Vocabulary addressed: Freedom of Speech, Bill of Rights, argue, persuade,

  1. Ask (Question 1) What does it mean to have freedom of speech?
  2. Discuss how we have been given the freedom of speech through our Bill of Rights.
  3. Ask (Question 2) What does it mean to argue? to persuade?
  4. Discuss how today students will be arguing/persuading others in favor of or against our landmark the WLC.
  • If students are for the WLC - give example of why they believe the crow is a good pick.  Use other examples of good landmarks to compare their qualities.  
  • If students are against the WLC - give example and reasons why they do not believe the crow is a good pick.  Use other landmarks that are good examples to help reinforce what you believe is wrong with having the crow as our landmark.

Days 5,6 and 7- Freedom of Choice

Materials needed: Rubric for final assessment

Vocabulary addressed: Freedom of Choice, model, description

1) Ask (Question 1) What does it mean to have freedom of choice?

2) Review what makes something a good landmark.

(Question 2) What are things a landmark should represent? have? make people feel?

(Question 3) Ask yourself - What do YOU think would be your choice for a good landmark to represent this area?

3) Review the meaning of a model - something that is a representation of something else.

Have students create a model (whatever form they choose - drawing, clay, computer image, etc.) of a landmark that they think better represents the area.

4) Review with students the meaning of a description - written words that help tell a better story about an object.

Have students write a one paragraph description about their model.  Be able to explain why they picked the design they did.  Explain any of the symbols represented in the model.  Use several supporting details and facts to justify their decision.

5) Present models and descriptions for assessment.


Landmark: A distinguishing feature of a landscape.

Freedom: The ability to do whatever one wants, without fear of repression or censorship.

Chief Little Crow: A chief of the Mdewakanton Dakota people, notable for his role in treaty negotiations in which he agreed to move his people to a reservation near the Minnesota River in exchange for goods and rights.
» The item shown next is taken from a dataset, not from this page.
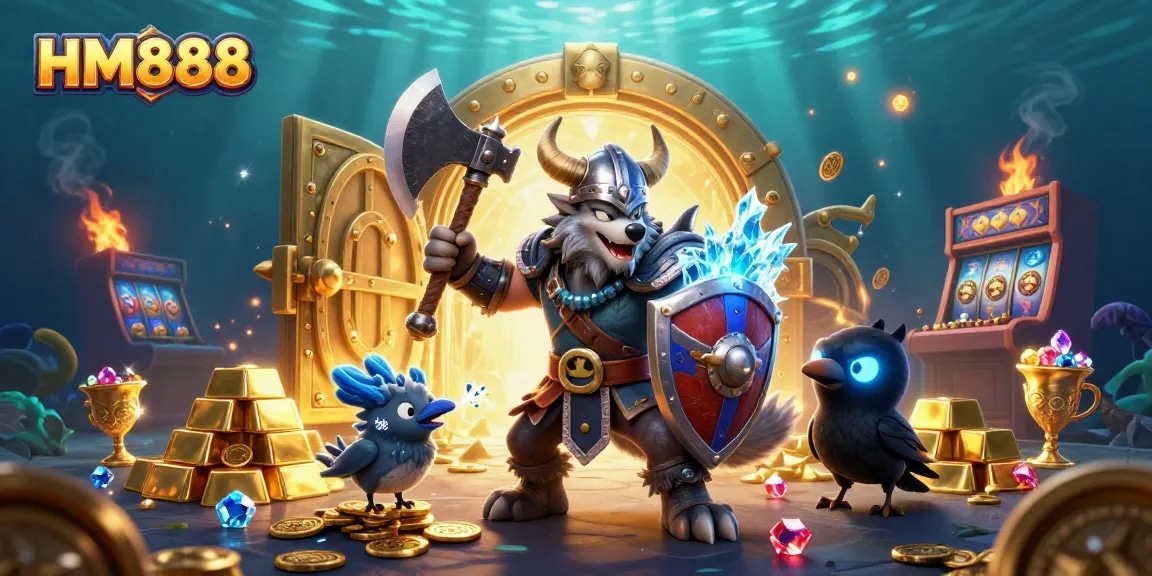 Engage in the thrilling adventure of HM888 with treasure-hunting Vikings and dragons in a dynamic underwater casino scene.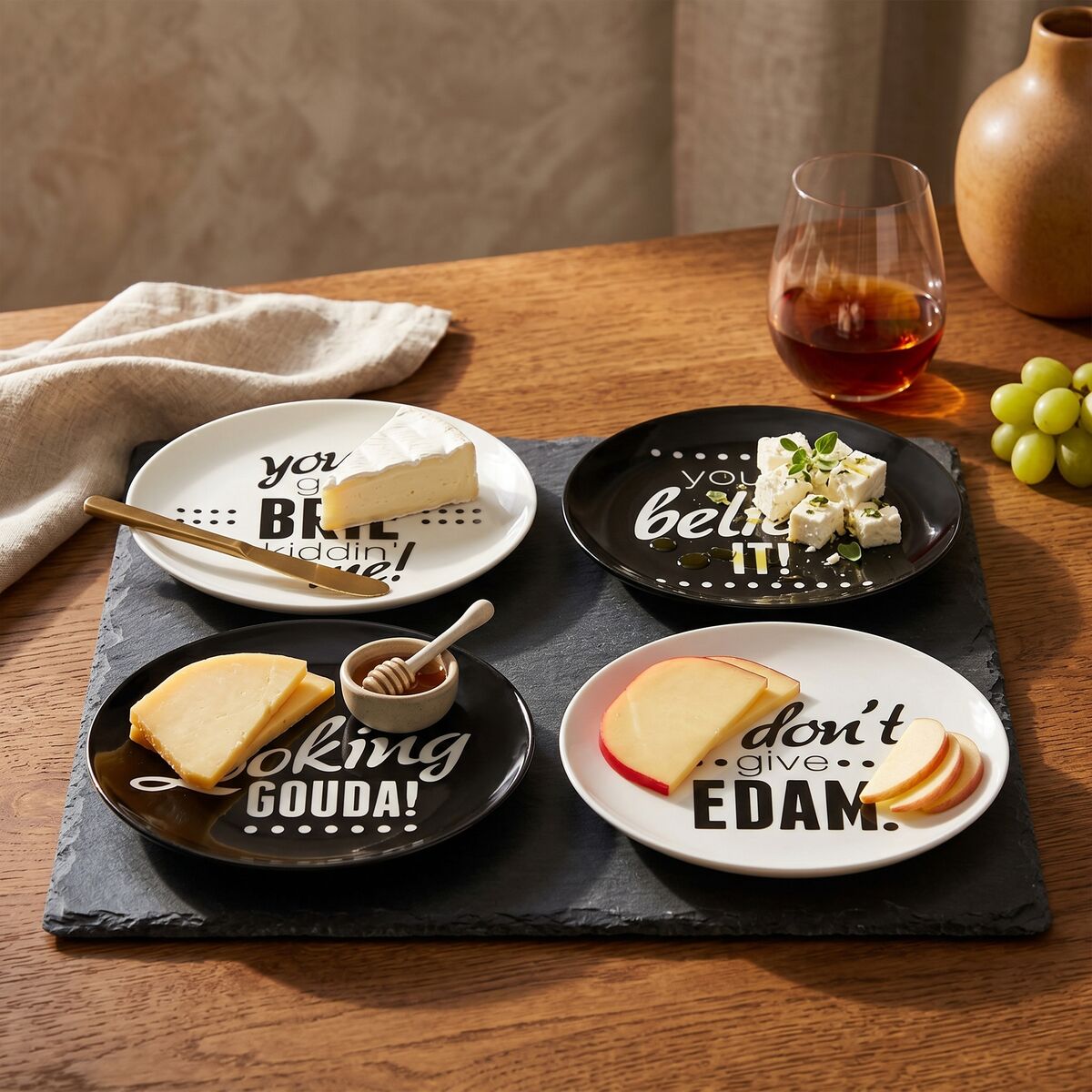 Orsina Pun and Games Cheese Plates – Set of 4 Monochrome Serving Plates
However he was forced to pursue war against the U.S. after they reneged on the promises of the treaty.

Primary Source: An account by a person who witnessed an event in the past.

Freedom of Press: The ability of the press to report and print any story they wish without fear of government repression or censorship.

Freedom of Speech: The ability to express an opinion without fear of government repression or censorship.

Bill of Rights: The first ten amendments to the U.S. Constituion, forming the basis for many U.S. civil rights and liberties.

Argue: To give reasons for or against something.

Persuade: To cause someone to do something by asking, arguing, or giving reasons.

Freedom of Choice: The ability to do anything one wants, as long as these actions do not cause irreperable harm to others, without fear of government repression or censorship.

Model: A set of ideas that describe the past, present, or future state of something.

Description: A set of details used to identify something or someone.


End of Lesson Assessment

The argument paper and the model and description can both be turned in for assessment. See Rubrics above for grading guidelines.